Dalam dinamika pemerintahan, momen seperti ini kerap menjadi simbol dua arah. Bagi sebagian pihak, berani tampil sendirian di depan media adalah bentuk tanggung jawab dan kepemimpinan. Tetapi bagi pengamat politik, kejadian semacam ini juga bisa mencerminkan ketidaksinkronan antarmenteri dalam mengelola isu strategis.

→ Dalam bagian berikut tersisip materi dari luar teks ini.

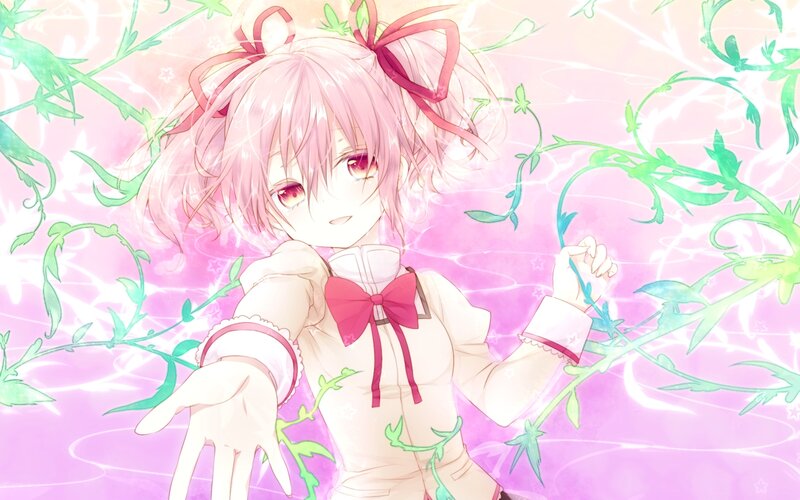 Pink-haired Girl with Vines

Isu proyek Whoosh sendiri sedang menjadi perhatian nasional, terutama soal pembiayaan lanjutan dan restrukturisasi utang yang sempat menuai perdebatan. Saat para menteri memilih diam, Purbaya menjadi satu-satunya yang menjawab pertanyaan media, termasuk soal sumber dana dan posisi APBN dalam proyek tersebut.
Dalam kesempatan itu, Purbaya menegaskan:
“Tidak ada dana dari APBN yang digunakan untuk membayar utang Whoosh. Ini murni restrukturisasi, bukan pembiayaan baru.”
Pernyataan tersebut sekaligus menjadi headline di berbagai media, menegaskan posisinya sebagai figur teknokrat yang siap menjelaskan kebijakan publik secara terbuka.
Meski publik banyak memuji ketenangan dan keluwesan Purbaya, Hensa mengingatkan bahwa dukungan publik tidak selalu sejalan dengan dukungan politik internal kabinet.
“Meskipun rakyat condong mendukung Purbaya, hal itu belum tentu mencerminkan kesepakatan pihak-pihak yang jadi rekannya di pemerintahan,” ujarnya.
Menurutnya, Purbaya perlu menjadikan momen ini sebagai refleksi dan peringatan, agar lebih berhati-hati dalam komunikasi politik. Ia mengutip pepatah:
“Kalau mau belok, beri sen dulu,”
yang berarti bahwa dalam politik, setiap langkah dan pernyataan harus diperhitungkan agar tidak menimbulkan kesalahpahaman atau resistensi.
Dengan kata lain, sikap terbuka di media memang penting, tetapi koordinasi dan keselarasan dengan rekan sejawat juga menjadi kunci stabilitas politik dalam kabinet.
Fenomena seperti ini menggambarkan bagaimana politik modern kini tidak hanya bermain di ruang rapat, tetapi juga di ruang simbol dan gestur publik.
Setiap senyum, langkah kaki, hingga keputusan untuk tetap atau pergi dari kerumunan wartawan bisa menjadi bahan tafsir dan opini publik.
Dalam konteks ini, Purbaya tampak tetap tenang dan tidak menunjukkan tanda-tanda tersinggung. Justru, caranya menghadapi momen itu dengan humor memperlihatkan kedewasaan dan kematangan komunikasi publik.